As we ended our walk on Centreville, I was worried that we had not recorded a hairstreak. We always get some. Just at the end, Quinten and I found a Banded on Common Milkweed.
Last year, the Skunk's count held the record for the most Banded Hairstreaks in Canada!
Tawny Emperor is common in the Mosa Forest. We had several on Sunday.
Regarding birds, I heard a couple more Hooded Warblers that I did not detect earlier, as well as Mourning Warbler and a couple of Pine Warblers.
At one point, a Broad-winged Hawk flew over. They nest in the area, but are uncommon as nesters this far south. See a photo on Quinten's blog.
Centreville Drive is quite diverse in wildlife. You never know what is flying around.

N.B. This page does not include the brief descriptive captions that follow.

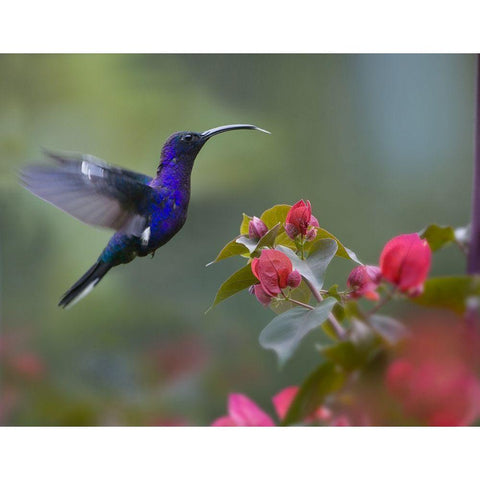 Violet Sabrewing Hummingbird White Modern Wood Framed Art Print by Fitzharris, Tim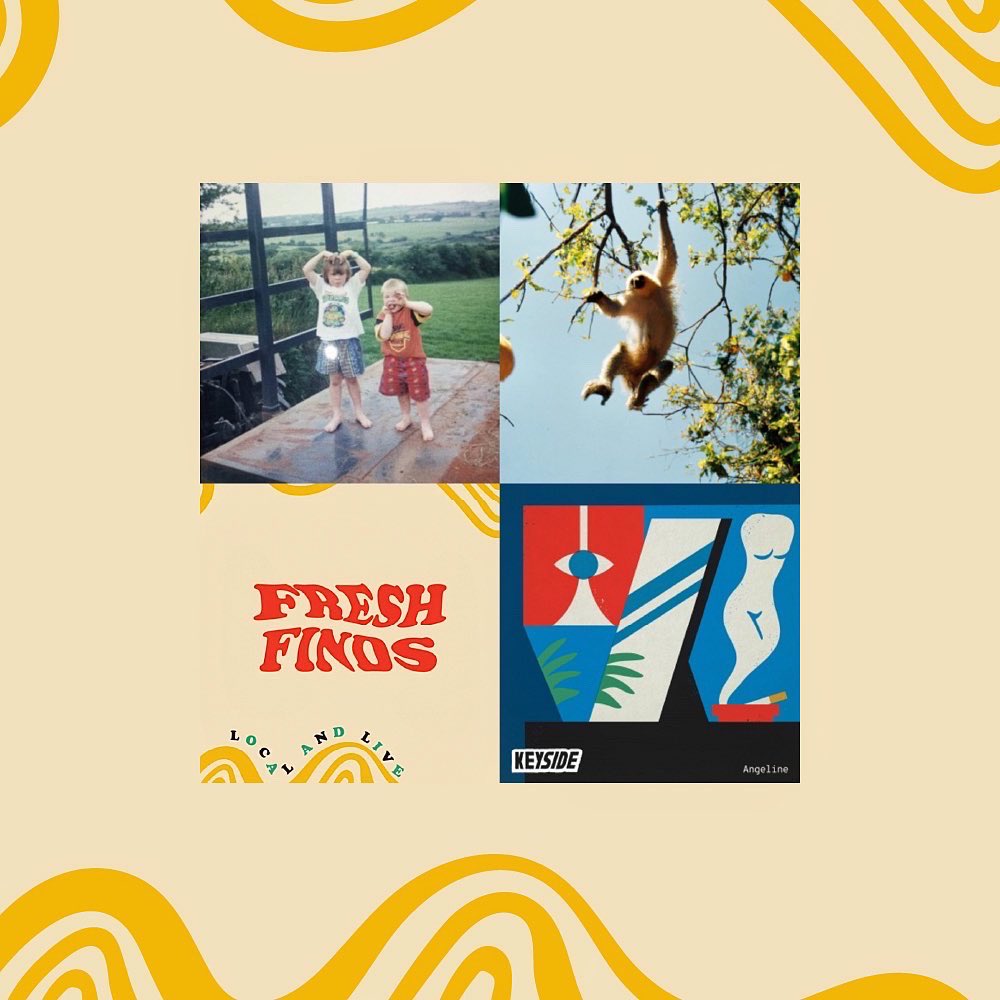 LOCAL & LIVE MEDIA tweet media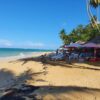 Bacardi island Samana Las Terrenas en whale watching vip - Image 4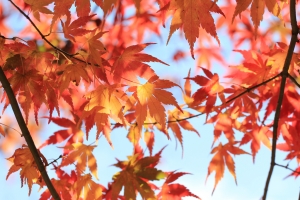 2010/11 福壽山秋楓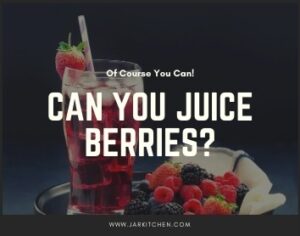 can you juice berries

Back in 2012 during the count, I found a female Great Blue Skimmer. I think I have a photo of it, but cannot locate it currently (will add later if found).
Here is a photo of a male Great Blue I found at Point Pelee perhaps the same year.
Back in 2008 we found a new butterfly for Middlesex County in the form of a Green Comma. Of course Alan Wormington was right on my case (I barely got home and found an email from him!), but we were certain of our ID. I often do not have a camera on this count, so no photo of the Green Comma unfortunately.
After lunch, we headed out to the NW section of the count circle. Along Watterworth Road, we first stopped by an open area on Crown Land.
At this area in 2014 we had a Mocha Emeralds flying around. Not sure why they were there since the river is some distance away, but it was a neat find.
Heading west along Mosside Road, we stopped by a favourite spot of mine along the Sydenham River. There is some open area here where the bridge used to cross.
There was oodles of milkweed, but once again, few butterflies. Here were found many Delaware Skippers.
And, I did see a Common Wood Nymph here which I forgot about during the tally!
The rest of the afternoon we mainly drove around. One of the stops was at the old bridge on Cameron Road. I like the view of the river from here.
The compilation and BBQ was held at the Prieksaitis residence south of Rodney as usual.
The weather was great and a good time was had by all.